* **What you are asked to do**: Filter the entries that follow, copying every line in which the word "Summer" appears.

Stored items from a collection
------------------------------------------------
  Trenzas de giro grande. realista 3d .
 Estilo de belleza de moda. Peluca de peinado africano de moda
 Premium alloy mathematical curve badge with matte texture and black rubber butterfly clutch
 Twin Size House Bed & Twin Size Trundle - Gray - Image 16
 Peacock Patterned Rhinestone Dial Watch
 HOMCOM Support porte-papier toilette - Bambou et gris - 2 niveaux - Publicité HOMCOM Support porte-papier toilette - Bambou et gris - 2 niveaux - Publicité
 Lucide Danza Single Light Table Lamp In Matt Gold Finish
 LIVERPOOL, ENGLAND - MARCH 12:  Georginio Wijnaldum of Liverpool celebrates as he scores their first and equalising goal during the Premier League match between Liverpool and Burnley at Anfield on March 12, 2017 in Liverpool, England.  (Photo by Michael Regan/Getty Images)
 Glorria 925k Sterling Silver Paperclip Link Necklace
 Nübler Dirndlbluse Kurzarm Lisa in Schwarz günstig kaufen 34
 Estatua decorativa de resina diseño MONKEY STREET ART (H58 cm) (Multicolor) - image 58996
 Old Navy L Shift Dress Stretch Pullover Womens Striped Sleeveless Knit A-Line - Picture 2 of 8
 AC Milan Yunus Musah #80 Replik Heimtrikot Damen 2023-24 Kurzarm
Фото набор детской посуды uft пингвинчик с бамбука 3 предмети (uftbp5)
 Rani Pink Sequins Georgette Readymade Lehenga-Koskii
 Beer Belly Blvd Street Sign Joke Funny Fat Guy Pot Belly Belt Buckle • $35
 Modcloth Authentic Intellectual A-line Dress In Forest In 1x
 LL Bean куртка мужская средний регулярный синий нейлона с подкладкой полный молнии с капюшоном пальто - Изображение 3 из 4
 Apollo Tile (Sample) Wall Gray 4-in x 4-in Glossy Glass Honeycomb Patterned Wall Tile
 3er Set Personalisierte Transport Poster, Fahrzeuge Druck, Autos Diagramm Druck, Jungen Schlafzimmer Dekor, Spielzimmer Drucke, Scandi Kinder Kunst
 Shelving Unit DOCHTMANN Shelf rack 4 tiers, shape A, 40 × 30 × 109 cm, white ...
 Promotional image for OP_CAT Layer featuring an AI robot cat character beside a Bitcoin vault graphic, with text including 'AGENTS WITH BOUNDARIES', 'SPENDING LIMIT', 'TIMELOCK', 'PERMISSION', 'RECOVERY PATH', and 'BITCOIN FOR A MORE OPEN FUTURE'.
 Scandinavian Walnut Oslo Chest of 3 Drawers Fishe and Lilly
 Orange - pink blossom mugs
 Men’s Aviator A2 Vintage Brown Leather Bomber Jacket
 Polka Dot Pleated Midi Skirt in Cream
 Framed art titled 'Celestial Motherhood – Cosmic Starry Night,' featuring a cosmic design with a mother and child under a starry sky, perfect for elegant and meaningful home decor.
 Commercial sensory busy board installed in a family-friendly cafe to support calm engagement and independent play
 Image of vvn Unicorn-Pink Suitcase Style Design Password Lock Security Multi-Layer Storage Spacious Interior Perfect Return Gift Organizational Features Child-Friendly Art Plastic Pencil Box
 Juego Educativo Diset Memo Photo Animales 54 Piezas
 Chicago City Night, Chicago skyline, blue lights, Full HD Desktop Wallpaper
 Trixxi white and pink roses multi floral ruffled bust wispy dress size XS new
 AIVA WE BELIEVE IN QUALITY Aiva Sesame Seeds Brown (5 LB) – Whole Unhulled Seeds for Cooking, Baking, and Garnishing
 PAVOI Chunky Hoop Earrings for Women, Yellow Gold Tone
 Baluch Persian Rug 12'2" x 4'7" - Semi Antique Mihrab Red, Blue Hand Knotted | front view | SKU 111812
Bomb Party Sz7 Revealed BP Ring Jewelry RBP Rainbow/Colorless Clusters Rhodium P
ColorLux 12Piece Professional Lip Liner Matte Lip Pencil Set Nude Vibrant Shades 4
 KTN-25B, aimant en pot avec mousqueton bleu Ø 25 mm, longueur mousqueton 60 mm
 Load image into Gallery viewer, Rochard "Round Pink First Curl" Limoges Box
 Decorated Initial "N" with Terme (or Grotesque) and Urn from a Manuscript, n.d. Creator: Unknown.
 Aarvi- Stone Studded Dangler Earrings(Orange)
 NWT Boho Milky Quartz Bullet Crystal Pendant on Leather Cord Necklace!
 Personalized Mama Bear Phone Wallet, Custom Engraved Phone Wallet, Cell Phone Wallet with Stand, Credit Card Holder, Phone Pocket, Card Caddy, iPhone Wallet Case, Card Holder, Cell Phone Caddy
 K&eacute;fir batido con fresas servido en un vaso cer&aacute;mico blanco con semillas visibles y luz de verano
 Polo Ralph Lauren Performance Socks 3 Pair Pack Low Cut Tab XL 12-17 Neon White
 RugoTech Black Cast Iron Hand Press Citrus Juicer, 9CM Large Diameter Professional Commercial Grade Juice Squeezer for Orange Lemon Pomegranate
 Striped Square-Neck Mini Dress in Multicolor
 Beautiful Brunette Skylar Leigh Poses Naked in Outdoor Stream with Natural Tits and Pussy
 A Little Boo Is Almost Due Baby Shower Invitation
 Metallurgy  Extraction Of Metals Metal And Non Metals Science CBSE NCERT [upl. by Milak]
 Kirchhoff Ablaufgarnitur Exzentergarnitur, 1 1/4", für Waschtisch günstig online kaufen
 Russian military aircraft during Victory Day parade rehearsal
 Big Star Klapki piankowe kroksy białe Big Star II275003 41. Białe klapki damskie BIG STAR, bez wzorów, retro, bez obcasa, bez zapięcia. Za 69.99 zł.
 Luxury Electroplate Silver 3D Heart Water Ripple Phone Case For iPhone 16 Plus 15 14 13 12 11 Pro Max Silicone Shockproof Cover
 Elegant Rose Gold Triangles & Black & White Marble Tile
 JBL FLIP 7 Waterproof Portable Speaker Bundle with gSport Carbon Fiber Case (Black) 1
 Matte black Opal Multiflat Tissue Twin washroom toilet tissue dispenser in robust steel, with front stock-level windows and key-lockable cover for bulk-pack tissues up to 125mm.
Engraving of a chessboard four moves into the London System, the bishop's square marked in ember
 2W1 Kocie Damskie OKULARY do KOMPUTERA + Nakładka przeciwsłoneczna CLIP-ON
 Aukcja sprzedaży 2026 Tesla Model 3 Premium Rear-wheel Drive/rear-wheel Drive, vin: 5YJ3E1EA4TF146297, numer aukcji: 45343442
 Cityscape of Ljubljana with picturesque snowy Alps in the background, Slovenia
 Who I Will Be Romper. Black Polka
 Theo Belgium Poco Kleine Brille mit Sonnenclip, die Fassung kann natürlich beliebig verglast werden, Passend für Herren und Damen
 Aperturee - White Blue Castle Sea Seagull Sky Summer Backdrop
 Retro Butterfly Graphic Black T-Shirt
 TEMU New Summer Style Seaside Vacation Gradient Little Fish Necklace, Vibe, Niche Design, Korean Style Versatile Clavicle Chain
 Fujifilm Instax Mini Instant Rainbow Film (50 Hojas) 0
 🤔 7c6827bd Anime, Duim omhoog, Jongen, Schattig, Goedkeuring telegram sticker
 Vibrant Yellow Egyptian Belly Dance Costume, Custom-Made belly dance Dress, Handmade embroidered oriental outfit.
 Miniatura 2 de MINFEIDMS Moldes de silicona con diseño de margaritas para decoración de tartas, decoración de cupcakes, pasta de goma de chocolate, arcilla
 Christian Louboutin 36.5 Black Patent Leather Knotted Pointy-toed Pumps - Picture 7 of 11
------------------------------------------------
* **Answer**:
 Aperturee - White Blue Castle Sea Seagull Sky Summer Backdrop
 TEMU New Summer Style Seaside Vacation Gradient Little Fish Necklace, Vibe, Niche Design, Korean Style Versatile Clavicle Chain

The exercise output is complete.